0

Consider the following code:

ConcurrentBag<string> results = new ConcurrentBag<string>();
Parallel.ForEach(stringArray, myString =>
{
    if(myString.Contains("hello")){
        results.Add(myString);
    }
});
Console.WriteLine(String.Concat(results));

where stringArray is an array of hundreds of thousands of strings and 20 of them contain the word "hello" (they are evenly distributed). No matter how many times I execute the code, the output is always the same. I expected the various outputs to be somewhat different from one another as the order of execution of each ForEach is not guaranteed, so why am I obtaining always the same result? Is this normal? I'm wondering if the execution is really split in multiple threads.

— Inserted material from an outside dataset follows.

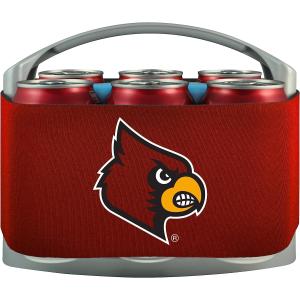 (Louisville Cardinals) - NCAA Cool Six Cooler　並行輸入品｜dep-dreamfactory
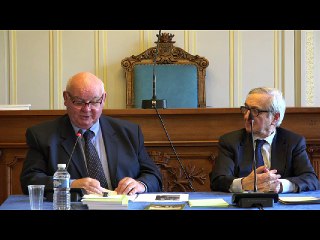 Société Historique du 6e  - Le jardin du Luxembourg dans les années 50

For context I am on Windows 10 with a 8-cores, 16-threads CPU. I tried to increase MaxDegreeOfParallelism still without any difference.

Guru Stron
  • 102,774
  • 10
  • 95
  • 132
Alessandro
  • 97
  • 6
  • put them in an async function and add a random timer in it to add some spice ;) – ilkerkaran May 18 '23 at 14:33
  • I'm confused. The `results` are read after the `Parallel.ForEach` is complete. Why wouldn't the results be consistent? I'd be more concerned if they were not consistent... If you were reading `results` *during* the `ForEach`, yes, I'd expect some variation between runs. – Heretic Monkey May 18 '23 at 14:37
  • 4
    Just FYI on [`ConcurrentBag` usage](https://stackoverflow.com/a/64823123/2501279) – Guru Stron May 18 '23 at 14:42
  • 2
    @HereticMonkey, the results are read from the collection after the `ForEach`, but they're added to that collection during the `ForEach`. Presumably the OP is expecting them to be added in slightly different order on different occasions – jmcilhinney May 18 '23 at 14:42
  • 1
    @HereticMonkey it seems that OP is concerned about order of the results. – Guru Stron May 18 '23 at 14:43
  • I expect that, because the work being done is so simple, that there just isn't the opportunity to create variation. There would have to be some randomness to the overall operation for things to be different and maybe there just can't be when what's being done is so basic. – jmcilhinney May 18 '23 at 14:45
  • If you have 20 instances 'evenly distributed' within hundreds of thousands of strings, it's not surprising that the results are consistent as each instance is perhaps 10,000 lines from the next. – stuartd May 18 '23 at 14:46
  • 7
    Just because it's not guaranteed to be in order, doesn't mean it's guaranetee to *not* be in order. – Charlieface May 18 '23 at 14:46

1 Answers1

2

is an array of hundreds of thousands of strings and 20 of them contain the word "hello"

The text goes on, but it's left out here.